TASK DIRECTIONS
What you write should match, word for word, the lines from the one containing "Snapshot of Heena-143" through the end of the data, with no pictures.
--- SOURCE MATERIAL Enclosed Below ---
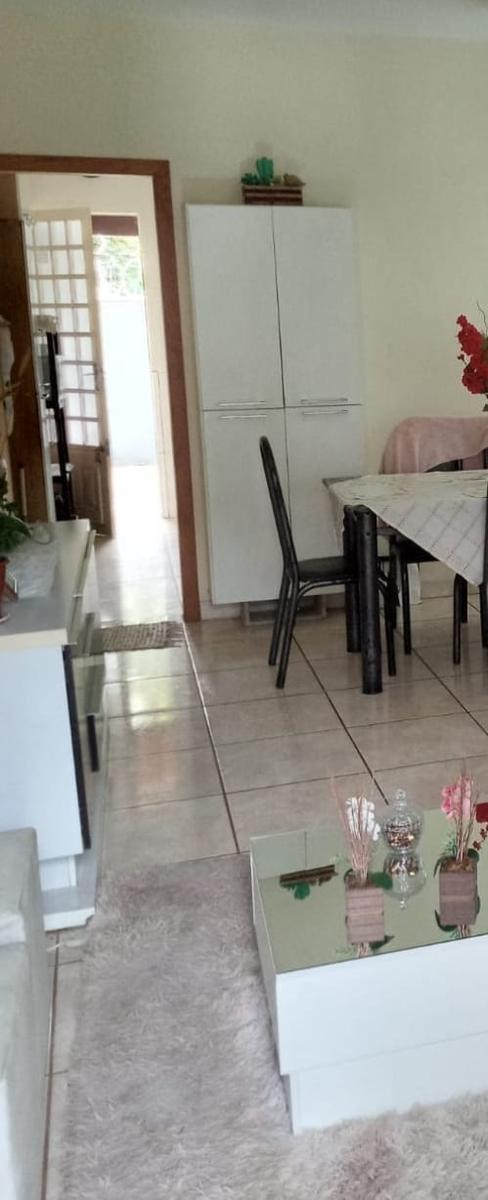Casa, Central, 2 Quartos, 2 Vagas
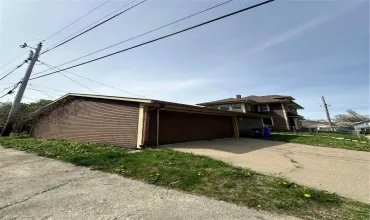 4 Bedrooms Bedrooms, 9 Rooms Rooms,1 BathroomBathrooms,Residential,800 19th St Se, Cedar Rapids, Iowa 52403,2503633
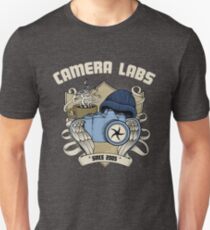 Cameralabs Photography Crest (Camera, Coffee, Beanie) Unisex T-Shirt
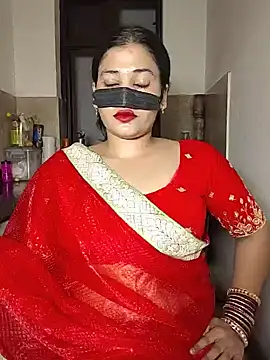 Snapshot of Heena-143 chatting on 14, 7, 2026 Heena-143 online show from 14, 7, 2026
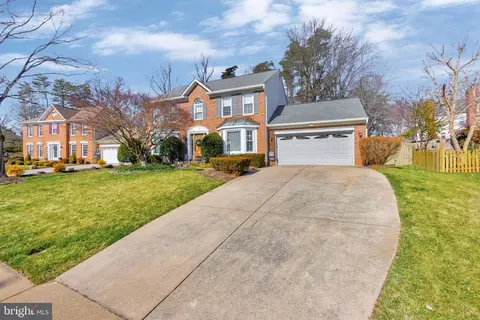 8520 Silverview Dr, Lorton, VA 22079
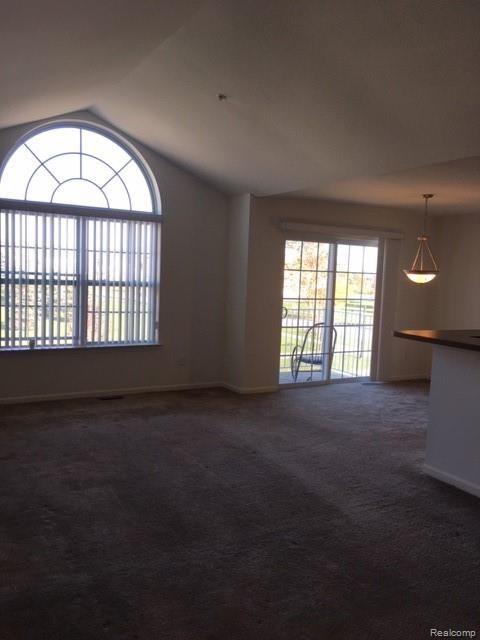 29603 Fox Run Circle Warren, MI 48092 - Photo 3 of 63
--- End of Enclosed SOURCE MATERIAL ---
ANSWER FOR THE TASK
 Snapshot of Heena-143 chatting on 14, 7, 2026 Heena-143 online show from 14, 7, 2026
 8520 Silverview Dr, Lorton, VA 22079
 29603 Fox Run Circle Warren, MI 48092 - Photo 3 of 63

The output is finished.